The gold rush that created Winston began in 1864, when four ex-Confederate soldiers discovered gold in a creek bed east of the present town. The creek was later named Confederate Gulch. News of the strike spread quickly, and the surrounding hills filled with prospectors who gave their claims names that tell you something about the spirit of the enterprise: Hog 'Em, Beat 'Em and Cheat 'Em; Sunrise, Sunset, Iron Age City, and Little Bonanza. These are not the names of men who expected to fail. They are the names of men who expected to get rich, and some of them did.

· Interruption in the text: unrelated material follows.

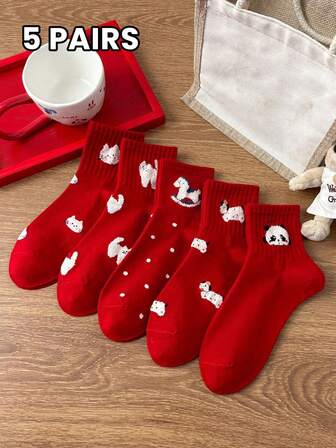 5 par damstrumpor, mönster med tecknade katter, hundar och , mångsidiga för alla årstider, söta och moderiktiga, mjuka och bekväma, avslappnade strumpor till mitten av vaden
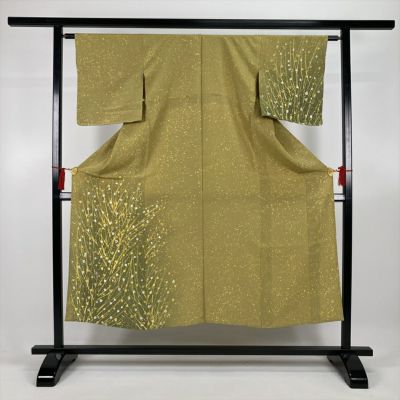 中古) 久保田一竹 色無地 深川鼠色 緑 セミフォーマル 金通し 中古) 久保田一竹 色無地 深川鼠色 緑 セミフォーマル 金通し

Three major mining locations in the nearby Elkhorn Mountains put Winston on the map: the East Pacific, the Kleinschmidt, and the Iron Age mines. Records indicate that at least three million dollars of gold, silver, copper, lead, and zinc came from the Winston Mining District. This was a considerable sum in the 1880s and 1890s, when a working man's wages were a dollar or two a day. The men who found the gold did not all keep it. Some of them lost it to bad luck, bad management, or the fluctuating prices of the metals markets. Some of them lost it to the saloons, of which Winston had seven at its peak.

Winston was platted in 1892 on twenty acres at its current location. At its height, the town had a school, a church, hotels, dance halls, and a newspaper, in addition to the seven saloons. The newspaper was the Winston Miner, which reported on the mines, the markets, and the social life of the community with the thoroughness that small-town newspapers brought to their work in that era. The school educated the children of the miners and the farmers who had come to feed the miners. The church offered the miners and their families a reason to be sober on Sunday mornings.

The Northern Pacific Railroad, which had given the town its name, also gave it its economic lifeline. The railroad connected Winston to Helena to the north and to the markets of the East. Without the railroad, the ore from the Elkhorn Mountains would have been difficult and expensive to ship. With it, the mines could operate at a scale that made them profitable.

The town declined as the mines played out and the prices of silver and copper fell. The Northern Pacific continued to run through the valley, but the traffic it carried was no longer the traffic of a mining boomtown. The farmers who had come to feed the miners stayed and worked the rich soil of the Upper Missouri Valley. The timber industry that had supplied the mine structures continued to operate. The valley is still inhabited, still farmed, still managed. The mining camps in the Elkhorn Mountains are still visible from the back roads, if you know where to look.